RP: There is no way to define, precisely, and generically, the extent to which it is worth intensifying the brood. The same farm under the direction of two different people also leads to two different results, as it is more linked to the owner’s managerial capacity than specifically to the property’s infrastructure. Therefore, the acceptable profit parameter also differs from investor to investor, as does risk-taking. The only way to define a point, generically, is to establish, for example, that this is equal to the moment when maximum productivity, which incurs such an expense, which does not allow for-profit or generates loss.
When it comes to livestock intensification, there are two distinct paths, the investment to increase productivity by an individual or by area. The impact on investments for productivity increases by area is much more significant in total productivity than the increases provided by investments in performance per individual. However, the amount to be invested in earning technologies by area is also much higher. On the other hand, as cows have a high average individual weight, their cost of feeding for weight maintenance is also very high, limiting the maximum capacity, not for technical reasons, but cost/benefit.
In this way, we can cite as examples of obstacles to intensify the breeding:
- the investor’s managerial capacity;
- the high feed cost of cows;
- the availability of capital for investments.
AG: In our research, we realized that the calf link is the one that pays less attention to cost management and commercialization of animals. As the intensification of breeding increases, costs increase, and revenue management gains more business representation. In the article below, we have shown that a small fluctuation in revenue can significantly impact the result obtained with the productive effort. How should the creator face this challenge?
RP: The rural producer is a price taker. He always asks the price at which the seller is selling the input he needs to buy. Just as he cannot define the price at which he will sell his product, be it the calf or the cull cow that he will send to the slaughterhouse for slaughter without first “asking” the market how much he is paying. Especially in the breeder’s case, the producer’s profile is more conservative and focused on productive performance, in the detail of production.
While the producer who does the breeding and fattening (winteriest) has a more negotiating profile since 60 to 70% of the two expenses, come from animal replacement, which makes him more connected to what happens in the market than inside the gate. When compared to the creator. Therefore, due to his profile, the creator is a manager who is more apt to obtain gains inefficiency in production than in the commercialization of his products.
However, even so, the breeder can invest in marketing, improving the presentation of his products so that they can be sold at the top level or partnering with the winterist, investing in the quality of his animals and the delivery date of interest to the winterist, in return receiving a combined premium in advance for your product.
AG: Are there any messages or conclusions that you want to leave for the producer reading your interview?

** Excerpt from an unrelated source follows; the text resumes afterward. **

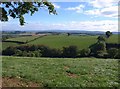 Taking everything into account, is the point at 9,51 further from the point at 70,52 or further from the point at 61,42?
the point at 61,42

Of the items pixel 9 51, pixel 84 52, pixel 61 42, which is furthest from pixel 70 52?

RP: The market is more and more demanding, whether in terms of food safety, in terms of product quality, or terms of environmental issues. Just as the buyer market is changing rapidly, the supply of technologies is also changing rapidly. There is no way for the creator to remain in the activity satisfactorily without also changing his production system because, without productive efficiency, there is no profit margin. The most comfortable and most assertive path is to professionalize management. From this, strategies are defined, the use of technologies and continuity in the activity is guaranteed. The future cattle rancher is the one who maximizes profit. He is no longer the one who is the record holder in productivity.